*Exercise aim*:
Quote all of the data exactly as given. Skip every picture it contains.
┌─ Excerpted records
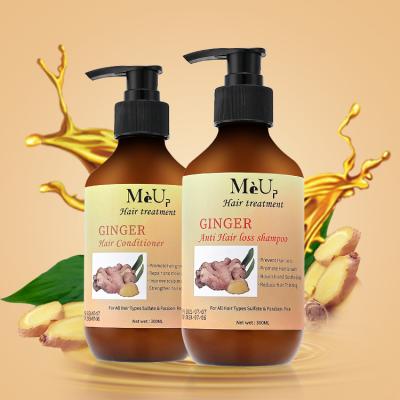 China Organic Ginger Hair Growth Natural Herbal Dandruff Ginger Shampoo And Conditioner Anti Loss Prevention Private Label Hair Loss for sale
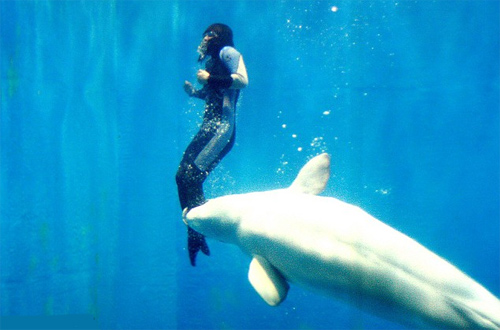 Picture 3 of Why do animals save people?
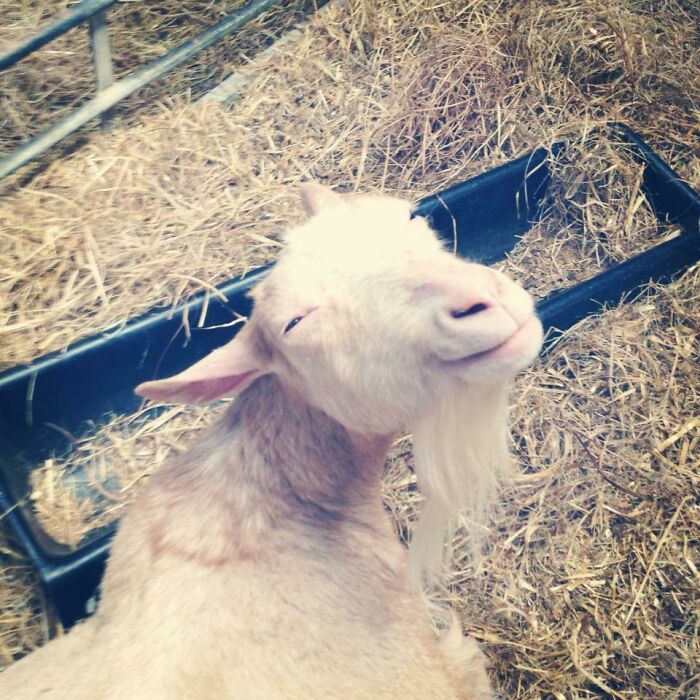 My Friend Took This Picture Of A Goat At The Weekend And Sent It Me With The Caption "Oh Man, I Am So High Right Now."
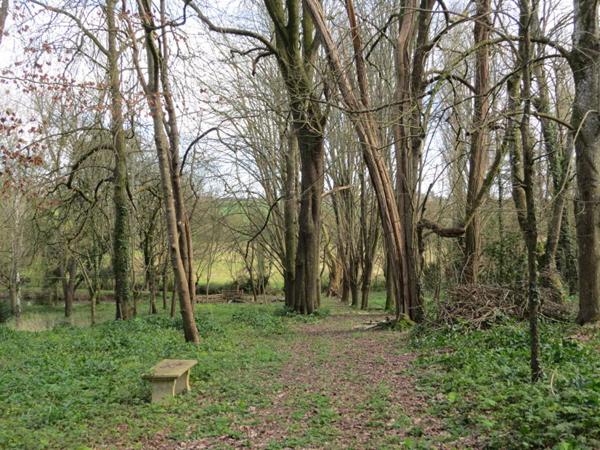 Elégante propriété,  parc et dépendances sur 3 ha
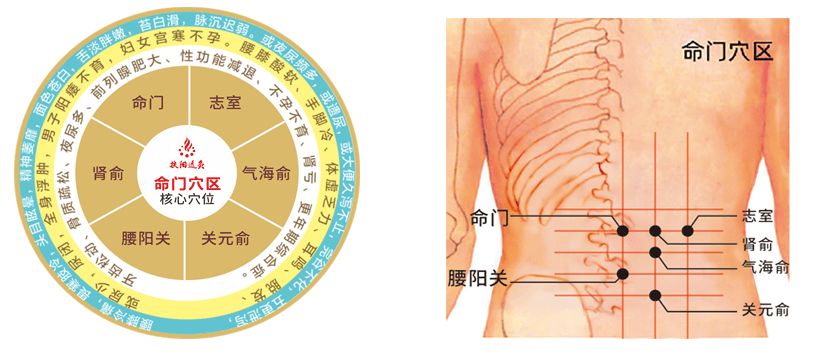 命门穴区灸法所用的原料,最初是用一般可以作为燃料的树枝等,经过一个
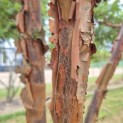 Acer griseum - Foto 2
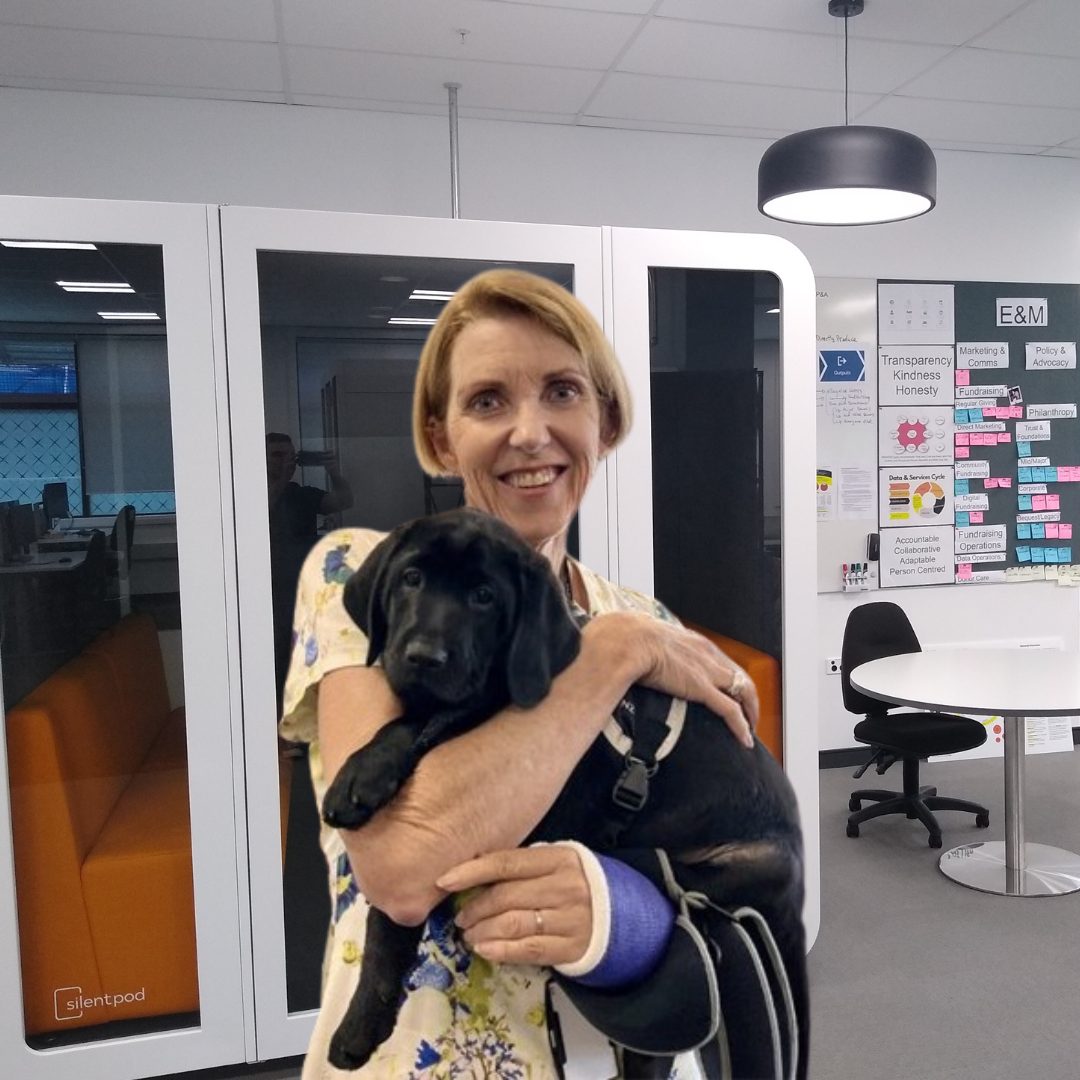 A woman holding a black guide dog puppy.
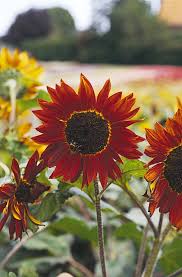 Image result for Helianthus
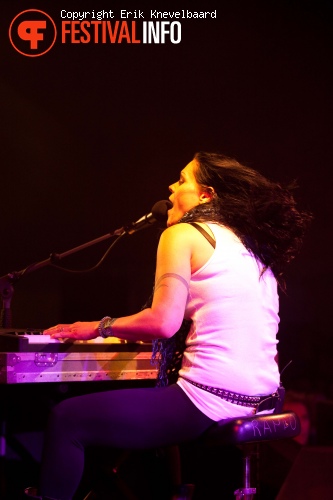 Dijkpop 2011 foto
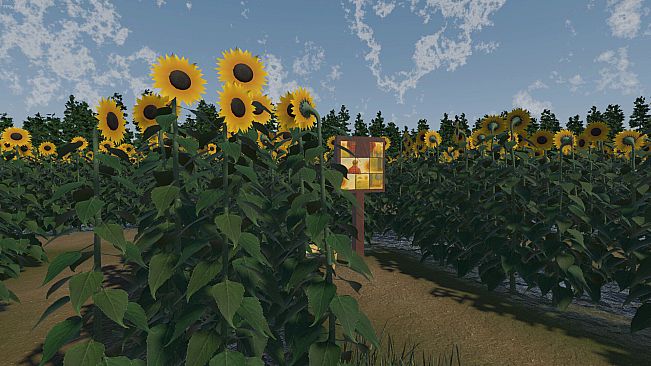 The Path of the Sunflower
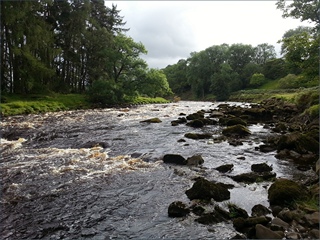 The River South Tyne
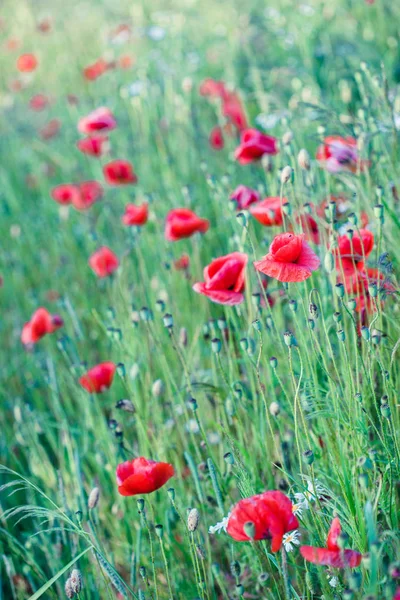 Papaveri fiori e altre piante in campo — Foto Stock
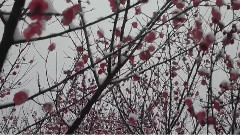 模仿翻唱 - 卜算子.咏梅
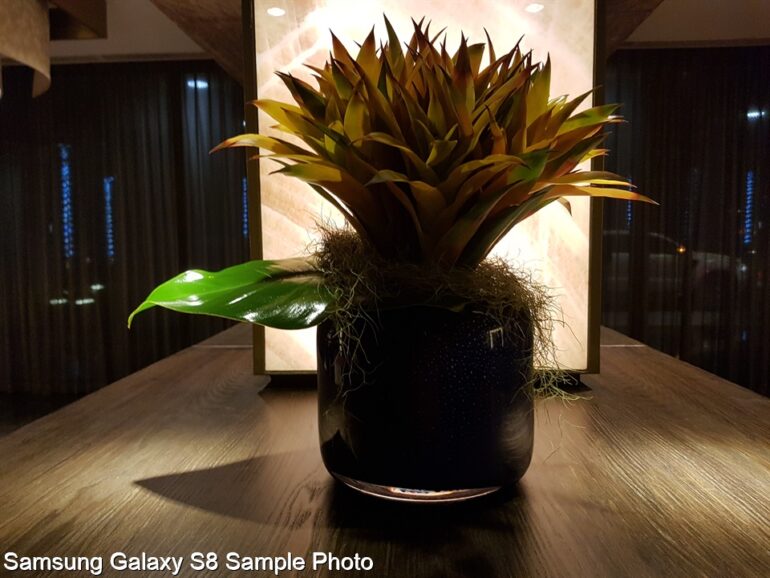 Samsung Galaxy S8 Sample Photo 14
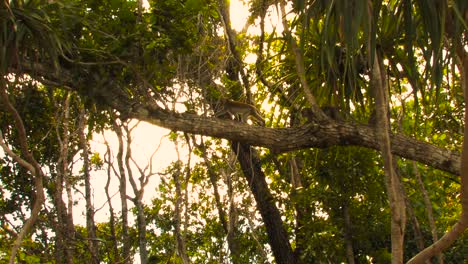 el macaco carnívoro, el macaco de cola larga, el grupo macaca fascicularis se mueve horizontalmente a través de las ramas al amanecer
└─
*Exercise answer*:
 China Organic Ginger Hair Growth Natural Herbal Dandruff Ginger Shampoo And Conditioner Anti Loss Prevention Private Label Hair Loss for sale
 Picture 3 of Why do animals save people?
 My Friend Took This Picture Of A Goat At The Weekend And Sent It Me With The Caption "Oh Man, I Am So High Right Now."
 Elégante propriété,  parc et dépendances sur 3 ha
 命门穴区灸法所用的原料,最初是用一般可以作为燃料的树枝等,经过一个
 Acer griseum - Foto 2
 A woman holding a black guide dog puppy.
 Image result for Helianthus
 Dijkpop 2011 foto
 The Path of the Sunflower
 The River South Tyne
 Papaveri fiori e altre piante in campo — Foto Stock
 模仿翻唱 - 卜算子.咏梅
 Samsung Galaxy S8 Sample Photo 14
 el macaco carnívoro, el macaco de cola larga, el grupo macaca fascicularis se mueve horizontalmente a través de las ramas al amanecer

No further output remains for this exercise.